[深層強化学習] 14. 連続行動空間：DDPGと分布方策

概要

これまで扱ってきたほとんどの環境は離散行動空間（左/右、各方向キーなど）を持っていました。しかし、ロボット制御、自律走行、物理シミュレーションなどの現実問題では連続行動空間が必要です。関節角度、トルク、加速度などは実数値だからです。

この記事では、連続行動空間に対する方策設計、A2Cの拡張、DDPG（Deep Deterministic Policy Gradient）、そして分布方策勾配を扱います。

なぜ連続空間が必要なのか

離散化の限界

連続行動を離散化する方法（例：トルクを-1、-0.5、0、0.5、1に分割）は簡単ですが問題があります：

次元の呪い：N個の関節それぞれをK段階に離散化すると行動空間がK^Nに爆発する
精度不足：離散化間隔の間の細かい制御が不可能
非効率性：大部分の離散行動の組み合わせは無意味

例えば6関節ロボットを10段階に離散化すると10^6 = 100万個の行動が生まれます。

連続行動空間の表現

連続方策は行動の確率分布を出力します：

ガウシアン方策：平均と分散を出力して正規分布から行動をサンプリング
ベータ方策：有限範囲の行動に適したベータ分布を使用
決定的方策：1つの行動値を直接出力（DDPG）

行動空間の設計

import torch
import torch.nn as nn
import numpy as np

class ContinuousActionSpace:
    """連続行動空間の定義"""

    def __init__(self, low, high):
        self.low = np.array(low, dtype=np.float32)
        self.high = np.array(high, dtype=np.float32)
        self.shape = self.low.shape

    def clip(self, action):
        return np.clip(action, self.low, self.high)

    def sample(self):
        return np.random.uniform(self.low, self.high)

A2Cを連続行動空間に適用

既存A2Cのカテゴリカル分布をガウシアン分布に置き換えます：

class ContinuousActorCritic(nn.Module):
    """連続行動空間用Actor-Critic"""

    def __init__(self, obs_size, act_size):
        super().__init__()

        self.shared = nn.Sequential(
            nn.Linear(obs_size, 256),
            nn.ReLU(),
            nn.Linear(256, 256),
            nn.ReLU(),
        )

        # Actor: 平均とログ標準偏差を出力
        self.mu = nn.Sequential(
            nn.Linear(256, act_size),
            nn.Tanh(),  # 行動範囲を-1, 1に制限
        )
        # ログ標準偏差は状態非依存パラメータとして学習
        self.log_std = nn.Parameter(torch.zeros(act_size))

        # Critic
        self.value = nn.Linear(256, 1)

    def forward(self, obs):
        features = self.shared(obs)
        mu = self.mu(features)
        std = self.log_std.exp()
        value = self.value(features)
        return mu, std, value

    def get_action(self, obs):
        mu, std, value = self.forward(obs)
        dist = torch.distributions.Normal(mu, std)
        action = dist.sample()
        log_prob = dist.log_prob(action).sum(dim=-1)
        return action, log_prob, value

    def evaluate(self, obs, action):
        mu, std, value = self.forward(obs)
        dist = torch.distributions.Normal(mu, std)
        log_prob = dist.log_prob(action).sum(dim=-1)
        entropy = dist.entropy().sum(dim=-1)
        return log_prob, entropy, value

連続A2Cの学習

def train_continuous_a2c(env, model, num_steps=2048, num_updates=1000,
                         gamma=0.99, lr=3e-4, entropy_coef=0.01):
    optimizer = torch.optim.Adam(model.parameters(), lr=lr)

    obs = env.reset()
    for update in range(num_updates):
        # 経験収集
        observations = []
        actions = []
        rewards = []
        dones = []
        log_probs = []
        values = []

        for _ in range(num_steps):
            obs_t = torch.FloatTensor(obs).unsqueeze(0)
            action, log_prob, value = model.get_action(obs_t)

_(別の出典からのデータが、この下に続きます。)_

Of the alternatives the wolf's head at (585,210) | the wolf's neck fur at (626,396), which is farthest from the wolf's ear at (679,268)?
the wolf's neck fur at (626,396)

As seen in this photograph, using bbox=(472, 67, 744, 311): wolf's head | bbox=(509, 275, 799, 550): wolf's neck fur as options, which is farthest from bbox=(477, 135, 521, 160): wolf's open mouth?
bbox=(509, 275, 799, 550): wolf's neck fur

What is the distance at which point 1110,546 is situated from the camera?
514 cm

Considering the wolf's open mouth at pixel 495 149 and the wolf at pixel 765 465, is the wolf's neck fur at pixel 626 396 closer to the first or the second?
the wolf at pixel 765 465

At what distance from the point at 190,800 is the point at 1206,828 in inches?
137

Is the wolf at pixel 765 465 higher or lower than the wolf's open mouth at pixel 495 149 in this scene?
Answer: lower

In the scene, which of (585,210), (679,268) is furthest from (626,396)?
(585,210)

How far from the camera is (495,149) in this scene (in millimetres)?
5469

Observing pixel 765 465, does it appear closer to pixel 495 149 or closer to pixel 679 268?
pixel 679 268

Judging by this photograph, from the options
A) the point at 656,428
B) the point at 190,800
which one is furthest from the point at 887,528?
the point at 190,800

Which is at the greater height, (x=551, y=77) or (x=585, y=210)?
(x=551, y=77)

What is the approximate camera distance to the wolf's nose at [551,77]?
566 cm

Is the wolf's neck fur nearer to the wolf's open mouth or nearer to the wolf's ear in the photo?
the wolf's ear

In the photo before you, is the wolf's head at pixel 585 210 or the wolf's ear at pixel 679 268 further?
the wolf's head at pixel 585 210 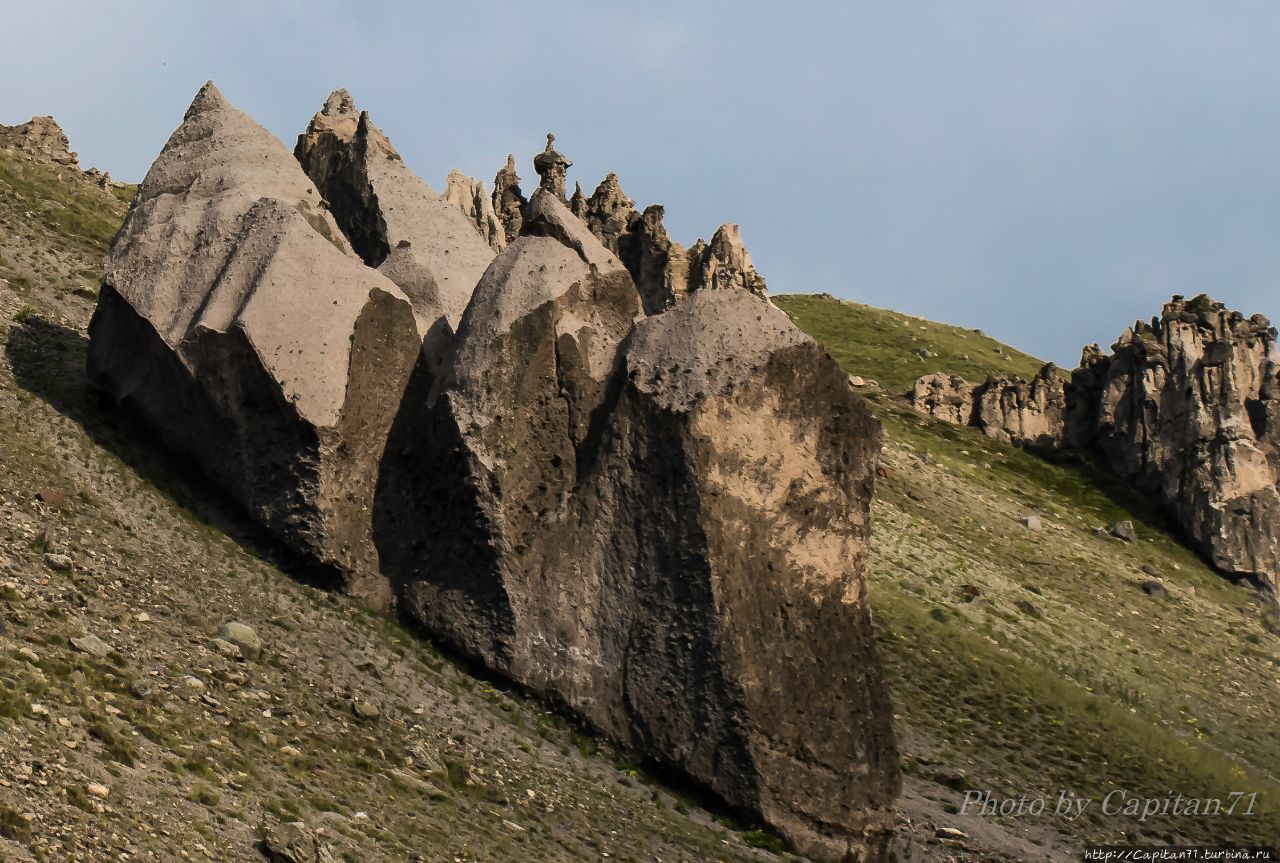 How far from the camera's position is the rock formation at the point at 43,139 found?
69.2 metres

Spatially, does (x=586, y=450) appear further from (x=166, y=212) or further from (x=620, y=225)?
(x=620, y=225)

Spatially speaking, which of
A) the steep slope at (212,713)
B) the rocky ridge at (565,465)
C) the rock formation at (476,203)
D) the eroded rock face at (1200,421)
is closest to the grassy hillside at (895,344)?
the eroded rock face at (1200,421)

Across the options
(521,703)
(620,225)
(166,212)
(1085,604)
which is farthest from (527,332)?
(620,225)

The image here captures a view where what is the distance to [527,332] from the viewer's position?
115 ft

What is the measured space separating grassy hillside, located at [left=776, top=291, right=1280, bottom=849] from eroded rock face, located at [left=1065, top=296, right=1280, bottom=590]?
1.65 metres

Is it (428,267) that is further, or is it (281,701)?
(428,267)

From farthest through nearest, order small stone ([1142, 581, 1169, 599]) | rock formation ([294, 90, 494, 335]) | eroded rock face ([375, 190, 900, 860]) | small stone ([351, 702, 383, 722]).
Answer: small stone ([1142, 581, 1169, 599]) < rock formation ([294, 90, 494, 335]) < eroded rock face ([375, 190, 900, 860]) < small stone ([351, 702, 383, 722])

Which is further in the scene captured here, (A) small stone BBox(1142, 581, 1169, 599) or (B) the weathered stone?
(B) the weathered stone

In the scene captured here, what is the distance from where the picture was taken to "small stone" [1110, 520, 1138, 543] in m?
67.7

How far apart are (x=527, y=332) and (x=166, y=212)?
10.6 metres

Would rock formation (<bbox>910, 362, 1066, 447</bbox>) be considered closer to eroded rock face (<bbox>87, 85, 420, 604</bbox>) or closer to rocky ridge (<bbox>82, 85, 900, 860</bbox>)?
rocky ridge (<bbox>82, 85, 900, 860</bbox>)

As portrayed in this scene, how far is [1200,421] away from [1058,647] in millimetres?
28037

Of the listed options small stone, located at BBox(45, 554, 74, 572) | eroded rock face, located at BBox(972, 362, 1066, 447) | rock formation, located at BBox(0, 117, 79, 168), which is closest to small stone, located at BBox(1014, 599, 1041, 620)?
eroded rock face, located at BBox(972, 362, 1066, 447)

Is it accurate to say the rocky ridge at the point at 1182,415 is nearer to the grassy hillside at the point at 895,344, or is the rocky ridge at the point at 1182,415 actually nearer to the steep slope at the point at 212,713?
the grassy hillside at the point at 895,344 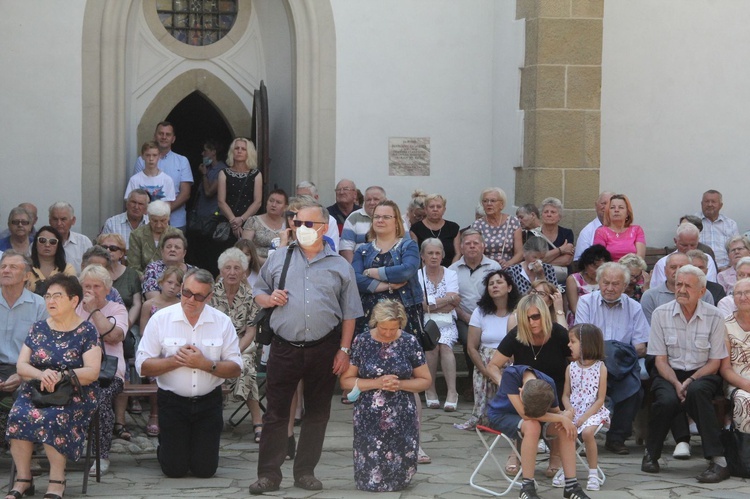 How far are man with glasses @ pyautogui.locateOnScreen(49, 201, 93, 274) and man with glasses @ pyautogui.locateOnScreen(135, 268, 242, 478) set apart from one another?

            action_np = action.detach().numpy().flatten()
            action_clipped = np.clip(action_np, env.action_space.low,
                                     env.action_space.high)

            next_obs, reward, done, _ = env.step(action_clipped)

            observations.append(obs)
            actions.append(action.detach())
            rewards.append(reward)
            dones.append(done)
            log_probs.append(log_prob)
            values.append(value.squeeze())

            obs = next_obs if not done else env.reset()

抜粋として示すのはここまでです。